BALTIMORE, SEPT. 3 -- The Baltimore Orioles out-Ripkened Seattle's Griffeys today, but that's where their winning ways ceased. The Orioles' defeats are beginning to blur into one another these days, so similar was this afternoon's 6-2 loss to the Mariners to those that have filled virtually every date on the calendar for the past month.

Once more Baltimore was behind early, watching Seattle build a 5-0 lead in the fifth inning on Harold Reynolds's two-run home run. And again the Orioles showed few signs of being able to overcome any deficit.

They made another pitcher shine, as Mariners starter Matt Young improved to 7-14 with a seven-inning, five-hit, two-run effort. They left runners on base and they botched plays afield, so much so that the Labor Day crowd of 23,981 at Memorial Stadium devoted most of its energy to exasperated booing.

The losses "all seem like they're running together," Manager Frank Robinson said. "They all seem like a carbon copy of the previous game. . . . Whenever you look up, you're talking about another loss."

At least the Orioles held the manpower advantage in today's family feud, as their three Ripkens -- infielders Cal Jr. and Bill, plus coach Cal Sr. -- outnumbered the Mariners' Griffeys, outfielders Ken Sr. and Ken Jr. As far as could be determined by Baltimore's public relations department, the gathering represented the most members of two families to be in uniform for a major league game since three Cruz and two Alou brothers were on hand for a St. Louis-Montreal matchup in September 1973.

"They had us outnumbered, so Pops and I had to go after it," Griffey Jr. said after he and his father combined for three hits. "This is a matter of family pride, you know."

The Griffeys were part of the early undoing of rookie starter Anthony Telford. The worst of the 24-year-old right-hander's three big league starts came in the form of a two-inning, three-run struggle that stemmed from an uncharacteristic inability to get the ball over the plate consistently.

"I just couldn't throw strikes," he said. "That was it. I couldn't get the ball to go where I wanted it to. You're going to have days like that. The real good pitchers survive them. Today I didn't."

Telford (1-2) walked two batters in the first inning but yielded only an unearned run on first baseman Mickey Tettleton's misplay of Griffey Jr.'s grounder. The Mariners finished Telford with three straight hits and a walk leading off the third en route to a 3-0 lead, and their cushion increased to 5-0 with Reynolds's blast in the right field bleachers two innings later off Bob Milacki.

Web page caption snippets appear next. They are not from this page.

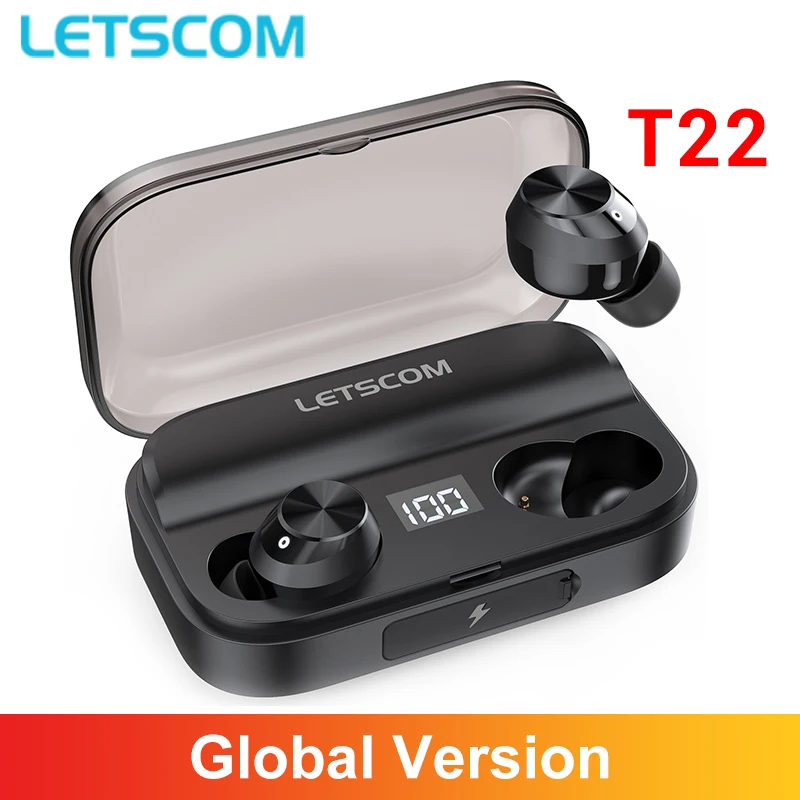 Оригинальные наушники LETSCOM T22 2600 мАч чехол для беспроводной зарядки BT5.0 AB1532 зажим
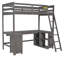 Lit mezzanine avec bureau en U, tiroirs et tablettes de rangement-328893907-328893908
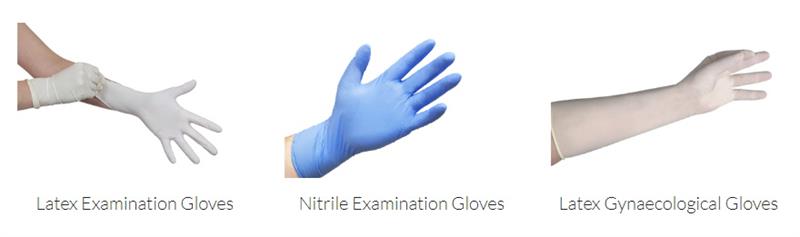 Latex and nitrile examination gloves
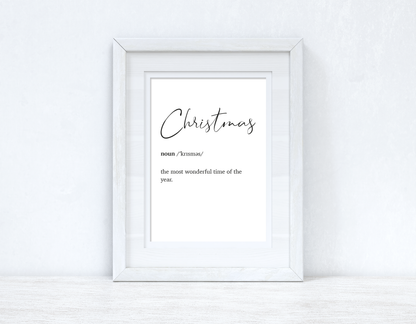 Christmas Definition Winter Christmas Seasonal Wall Home Decor Print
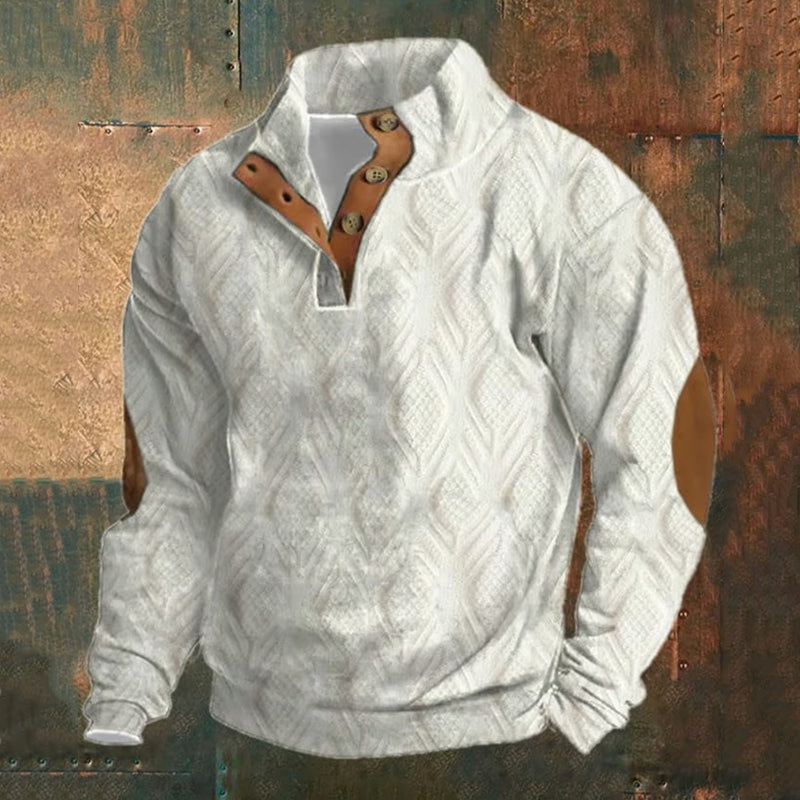 Men's Vintage Western Henley Stand Collar Casual Sweatshirt elevenforest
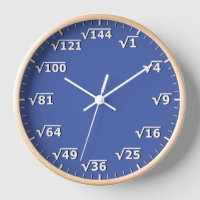 Blue Square Root Clock Math Mathematics Clock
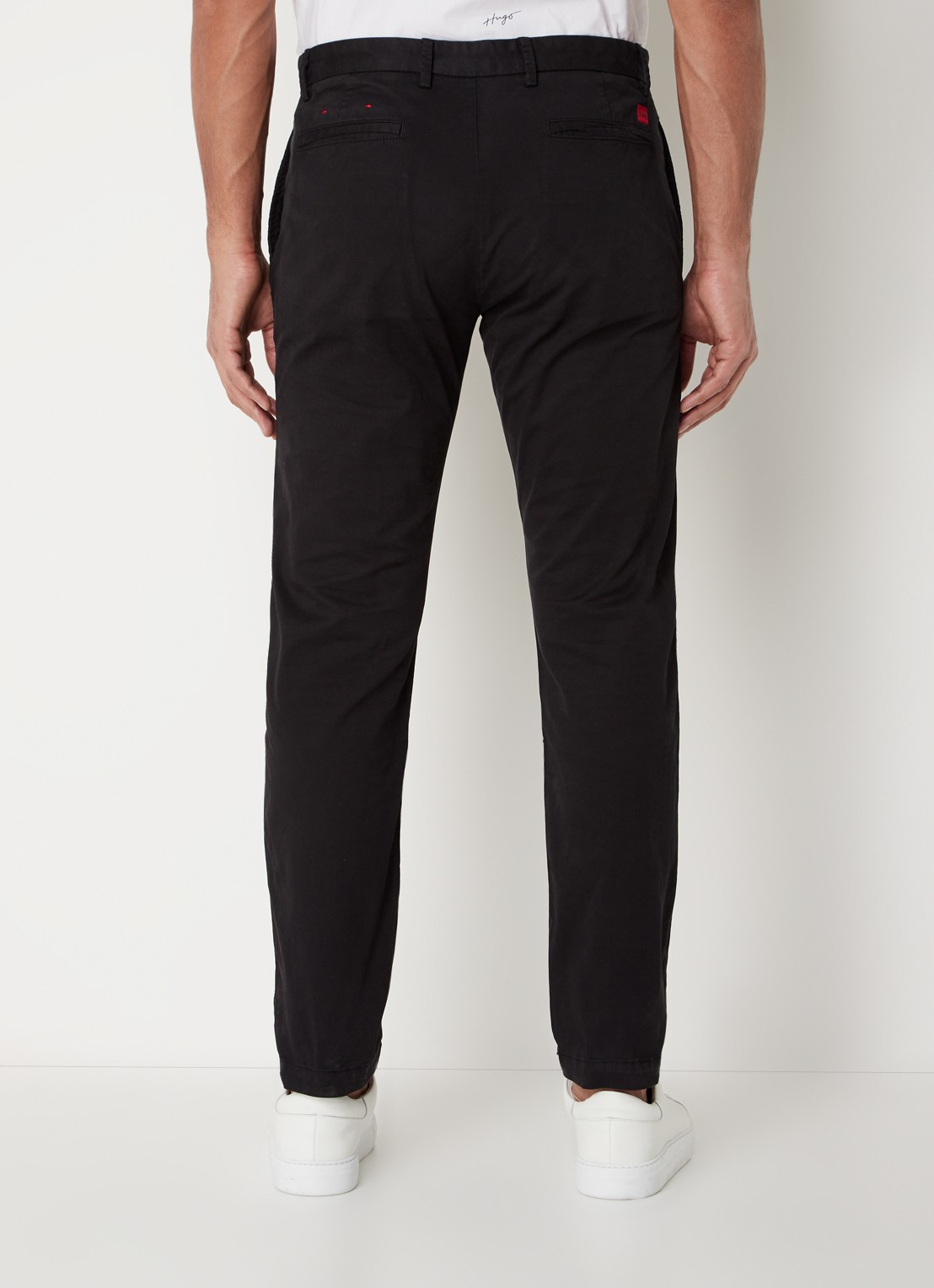 HUGO David slim fit chino met stretch - achterkant 5 zwart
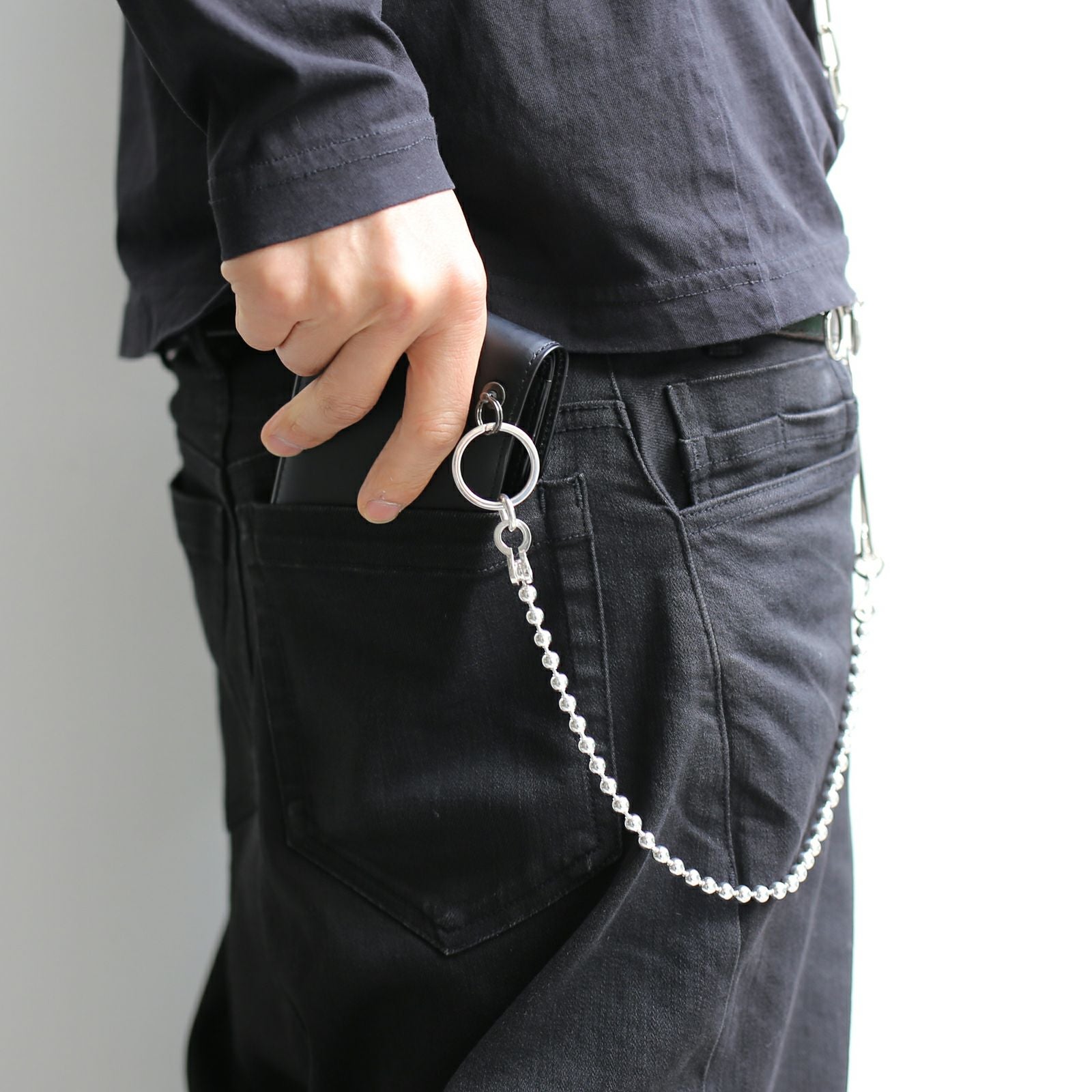 J-NS024)レボリューションスカルウォレットチェーン-シルバー925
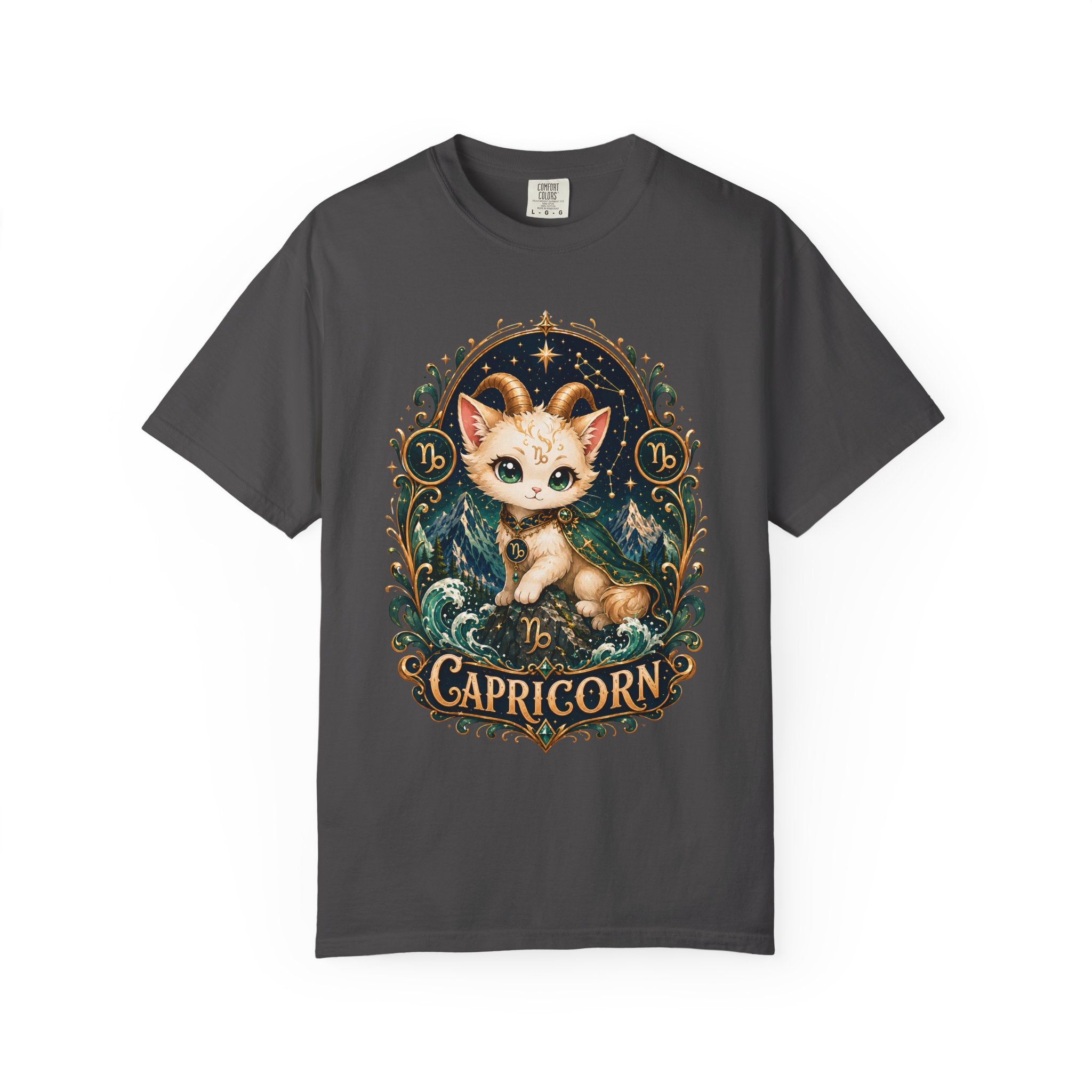 Capricorn Cat Illustration T-Shirt | Zodiac Kitty Graphic Tee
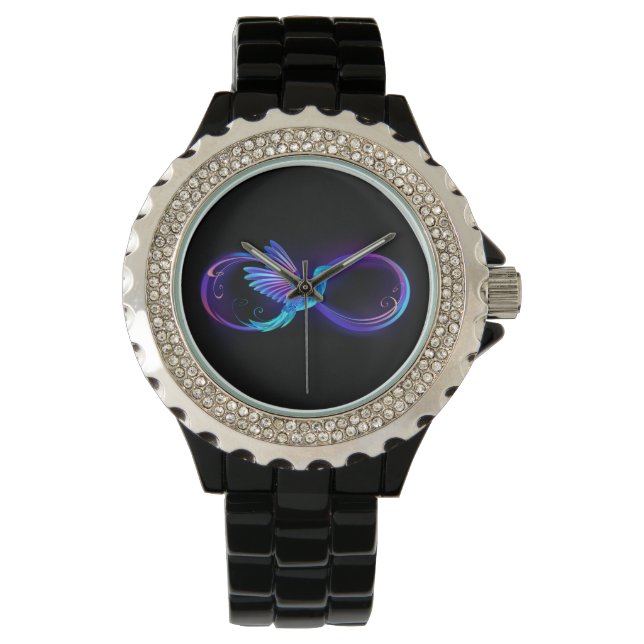 Neon Infinity Symbol with Glowing Hummingbird Watch (Front)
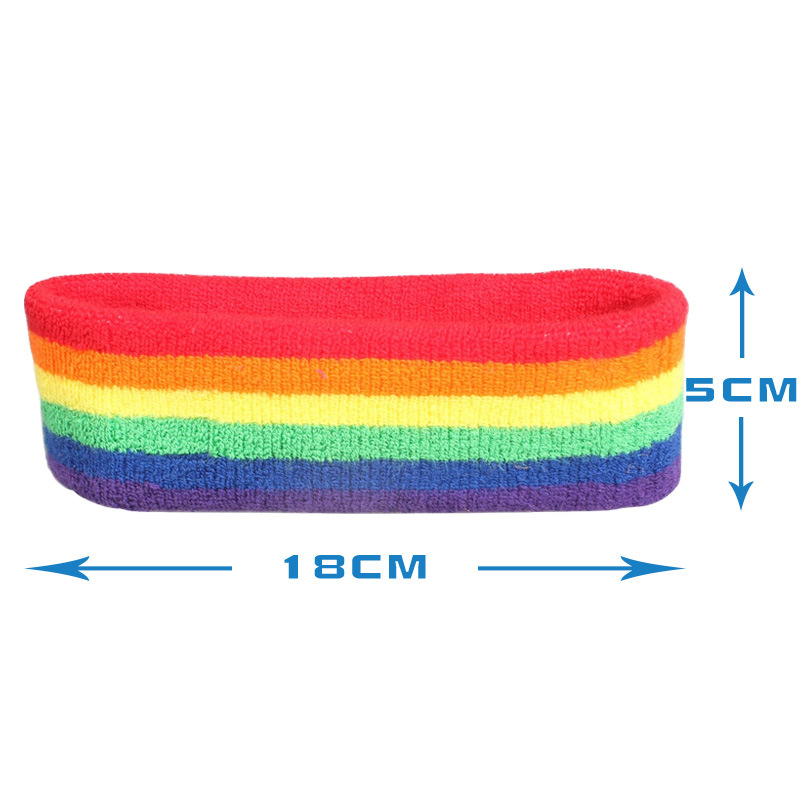 Rainbow Terry Cloth Headband2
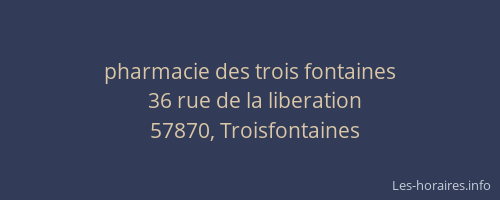 pharmacie des trois fontaines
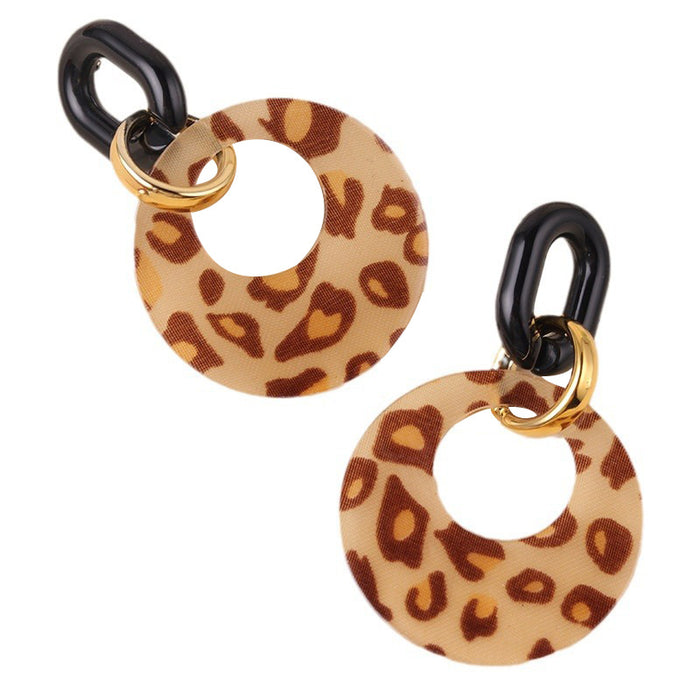 Wholesale Retro hollow colored circular acrylic earrings with personalized leopard print earrings and ear accessories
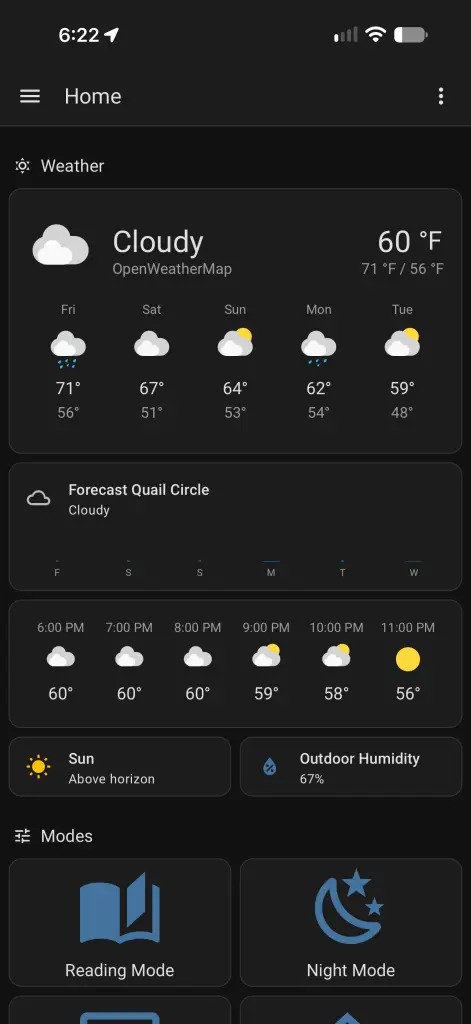 Home dashboard with weather, outdoor humidity, and Reading / Night modes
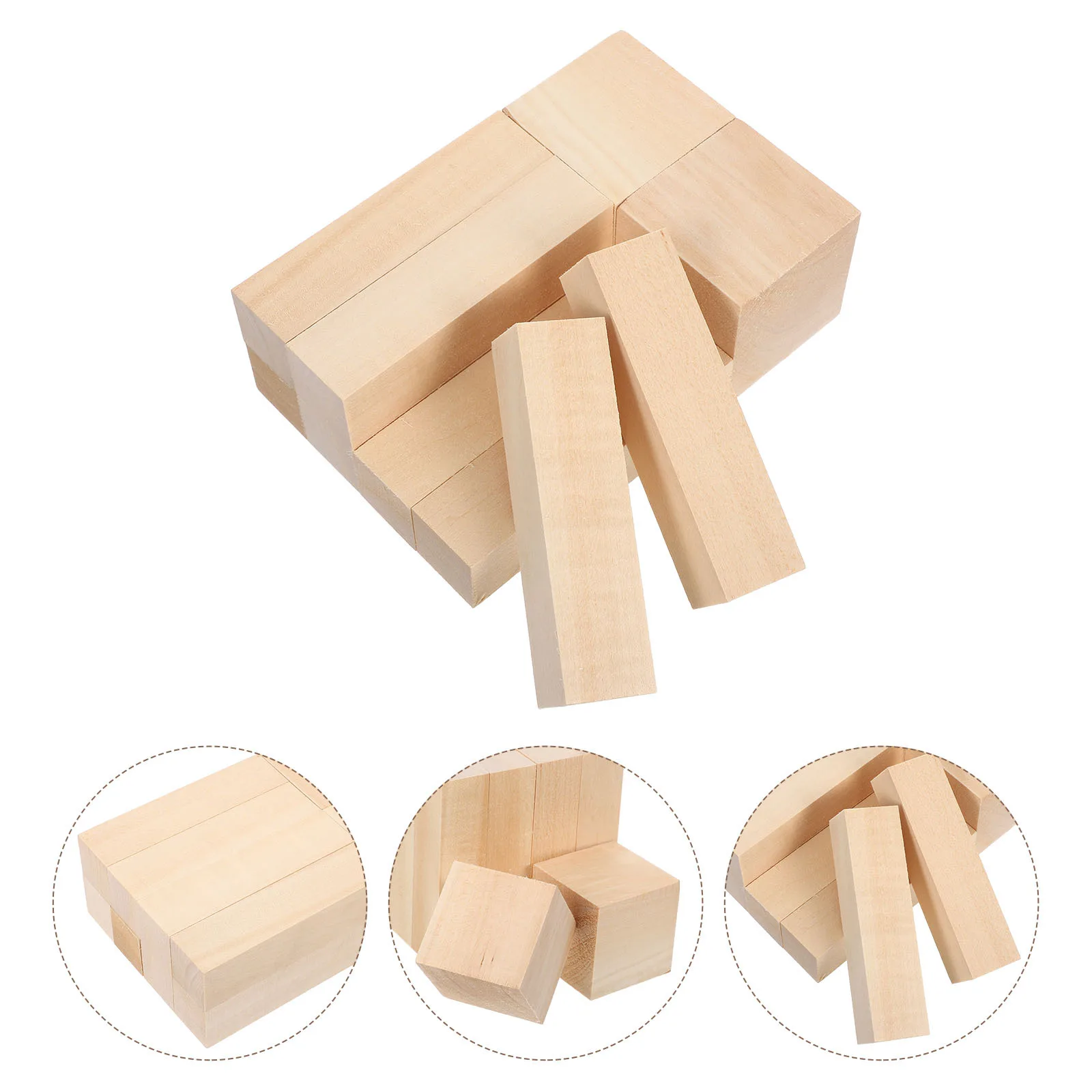 

10Pcs Basswood Craft Blocks Natural Wood Grain for Wood Carvers Beginners and Experts Versatile DIY Whittling Projects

That was more than enough to send Baltimore to its fourth straight defeat and ninth loss in 10 games. The Orioles were held to fewer than four runs for the 16th time in 20 contests, and their one hit in six at-bats with men in scoring position left them seven for the last 64 in such situations.

They've totaled 80 runs in 27 games and 19 in the last eight. They fell to 60-73 and 15 1/2 games behind first-place Boston in the American League East. A month ago the Orioles were 53-53 and 4 1/2 games off the AL East lead. Seattle improved to 66-69.

"I just tried to get ahead of hitters, and the early lead didn't hurt," said Young, who surrendered uniform No. 30 to Griffey Sr. last week and became the first major league pitcher to sport No. 1. "I wasn't trying to strike anyone out. I was just trying to make them hit the pitch I wanted them to hit."

The recent warnings of Robinson and General Manager Roland Hemond have done little to reverse the Orioles' fortunes. Robinson insisted his club hasn't yet been reduced to playing merely for pride -- "we were only three games out of third place beginning the day," he said -- and contended he has seen improvement in concentration if not execution.

But the downward spiral continues.

"Little things happen to us, and we don't overcome things," Robinson said. "It's costing us ballgames."

The primary target of the fans' disenchantment today was Tettleton, a catcher who was playing his fifth major league game at first base. His every move at the position drew boos -- as did his three strikeouts that boosted his season's total to 142 -- but Robinson defended him.

"No one expects Mickey Tettleton to be a Gold-Glover at first base," he said. "He only misplayed one ball. . . . It's totally unfair for them to be booing someone who's not playing his regular position."

There were encouraging signs for the Orioles. Milacki pitched well in his first outing since July 30, showing few ill effects of the strained right shoulder that put him on the disabled list. He escaped a two-on, no-out jam after taking over for Telford in the second. The only blemish was Reynolds's homer.

And third baseman Craig Worthington had a two-run single off Young -- who boosted the durability string of the team's starters to 47 outings in 52 turns of working at least into the seventh inning. Worthington also had an error on Jeff Schaeffer's routine bouncer in the second.

"We've got to just keep hammering away at it," Worthington said. "This can't continue forever, can it?"